Вольтер высказывает ничем не подкрепленную, но почему-то важную для него гипотезу о фракийском происхождении кабиров. Причем высказывает он ее, не ссылаясь на авторитеты своего времени и опровергая, по существу, главного тогдашнего авторитета Бохарта. Выдвинув свою, не опирающуюся ни на какие авторитеты тогдашнего времени фракийскую гипотезу происхождения кабиров («я рассматриваю древних богов кабиров как первых богов Фракии»), Вольтер дальше начинает сопрягать действительно фракийского Орфея с кабирами, чье фракийское происхождение более чем сомнительно.

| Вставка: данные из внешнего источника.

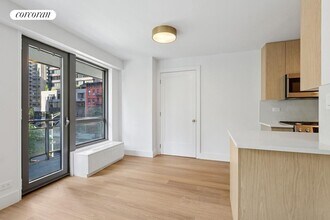 501 E 87th St in New York, NY - Building Photo - Building Photo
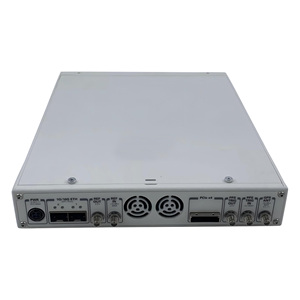 Dispositif radio défini par logiciel National Instruments NI USRP-2944 avec garantie d'un mois, plage de fréquences RF de 10 MHz à 6 GHz, fabriqué aux États-Unis - Product Image 3
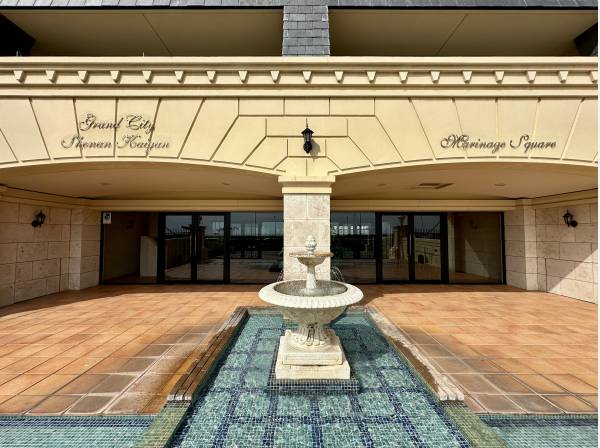 エントランス前の噴水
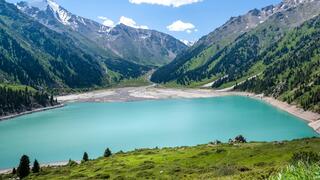 אגם אלמטי הגדול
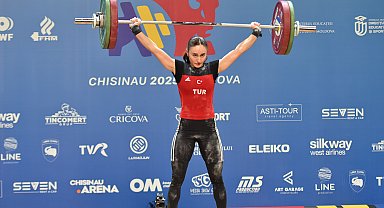 Cansel Özkan, Büyükler Avrupa Halter Şampiyonası'nda bronz madalya kazandı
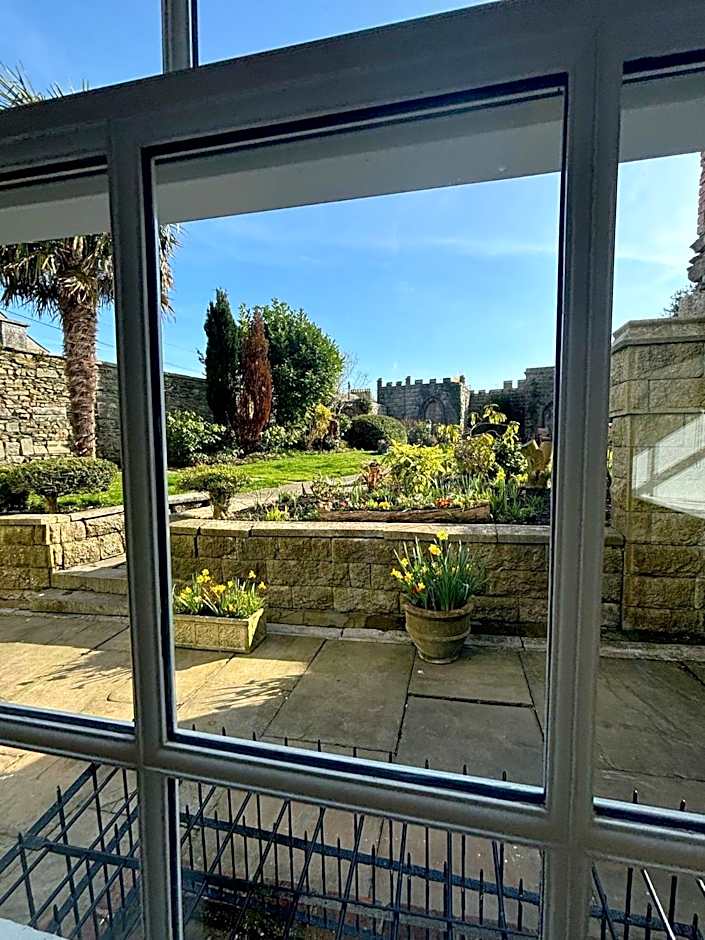 Lonsdale House Boutique Apartments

Дальше он переходит к теме потопов — Девкалионова, Огигова и так далее. И говорит о том, что на Самофракии был потоп во времена древнего царя Фракии Ксисутра.

А дальше Вольтер приравнивает фракийского Ксисутра к десятому королю Халдеи Ною. И утверждает, что богами Ноя были кабиры. Если бы Вольтер не был крупнейшим интеллектуальным авторитетом своей эпохи, то его построения можно было бы отнести к разряду бредовой альтернативной истории. Но это не так. Вольтер — слишком крупная фигура на европейской интеллектуальной сцене предреволюционной эпохи (имеется в виду эпоха перед Великой французской революцией). Его произвольные построения, фракийские в том числе, могут быть необоснованными или даже ложными, но они не могут быть случайными. Вольтер твердо знает, чего он хочет.

Он хочет, во-первых, всячески возвысить Самофракийские мистерии, в том числе и в ущерб всему библейскому, включая библейскую версию Потопа. И он хочет, во-вторых, если можно так выразиться, «фракизировать» Самофракийские мистерии, оторвав их от древнего Ближнего Востока вообще и от Финикии в первую очередь.

Поскольку древняя Финикия — это центр древнесемитской цивилизации, то задача Вольтера — вырвать из рук семитов всех видов (как иудеев, так и враждебных им финикян, исповедующих не моисеевское монобожие, а культ Баала, Астарты, Анат, Дагана или Дагона, других оргиастических кровавых божеств).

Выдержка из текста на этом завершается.